Saturday, August 7, 2010
A Question Of Your Honesty: Court Of Appeals Of Iowa Opinion Reveals Iowa Courts Treat Theft And Burglary As Crimes Involving Dishonesty Or False Statement
(1) Evidence that a witness other than the accused has been convicted of a crime shall be admitted, subject to rule 5.403, if the crime was punishable by death or imprisonment in excess of one year pursuant to the law under which the witness was convicted, and evidence that an accused has been convicted of such a crime shall be admitted if the court determines that the probative value of admitting this evidence outweighs its prejudicial effect to the accused; and(2) Evidence that any witness has been convicted of a crime shall be admitted if it involved dishonesty or false statement, regardless of the punishment.
In most jurisdictions, convictions for crimes such as theft and burglary do not automatically qualify as convictions for crimes involving dishonesty or false statement.
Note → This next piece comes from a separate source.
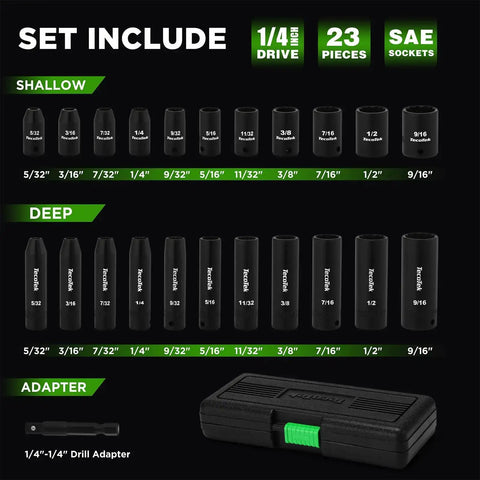 Heavy Duty 23-Piece 1/4 Inch Drive Socket Set With Deep And Shallow 12-Point Impact Sockets Cr-V Steel SAE 5/32 To 9/16 Inch Includes Drill Adapter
This is not, however, the case in Iowa, as was revealed by the recent opinion of the Court of Appeals of Iowa in State v. Harrington, 2010 WL 2925696 (Iowa.App. 2010).
In Harrington, Wendell Harrington was convicted of ongoing criminal conduct, eluding, theft in the first and second degrees, and three counts of burglary in the second degree as a habitual offender. After he was convicted, he appealed, claiming, inter alia, that the trial court by allowing the prosecution to impeach him through his prior convictions for theft and burglary. Specifically, according to Harrington, the trial court erred by failing to balance the probative value and the likely prejudicial effect of admitting evidence of his prior convictions.
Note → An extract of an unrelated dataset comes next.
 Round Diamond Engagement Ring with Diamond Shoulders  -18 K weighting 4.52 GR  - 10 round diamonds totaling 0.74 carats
The Court of Appeals of Iowa disagreed, finding that the crimes of theft and burglary underlying Harrington's prior convictions were both crimes or dishonesty or false statement under Iowa Rule of Evidence 5.609(a)(2), meaning that the trial court did not need to balance their probative value against their likely prejudicial effect.
Most courts would disagree. For instance, in United States v. Glenn, 667 F.2d 1269, 1273 (9th Cir. 1982), the Ninth Circuit found that the defendant's grand theft and burglary convictions were not covered by Federal Rule of Evidence 609(a)(2) because
Generally, crimes of violence, theft crimes, and crimes of stealth do not involve “dishonesty or false statement” within the meaning of rule 609(a)(2). Although such crimes may indicate a lack of respect for the persons or property of others,...they do not "bear directly on the likelihood that the defendant will testify truthfully."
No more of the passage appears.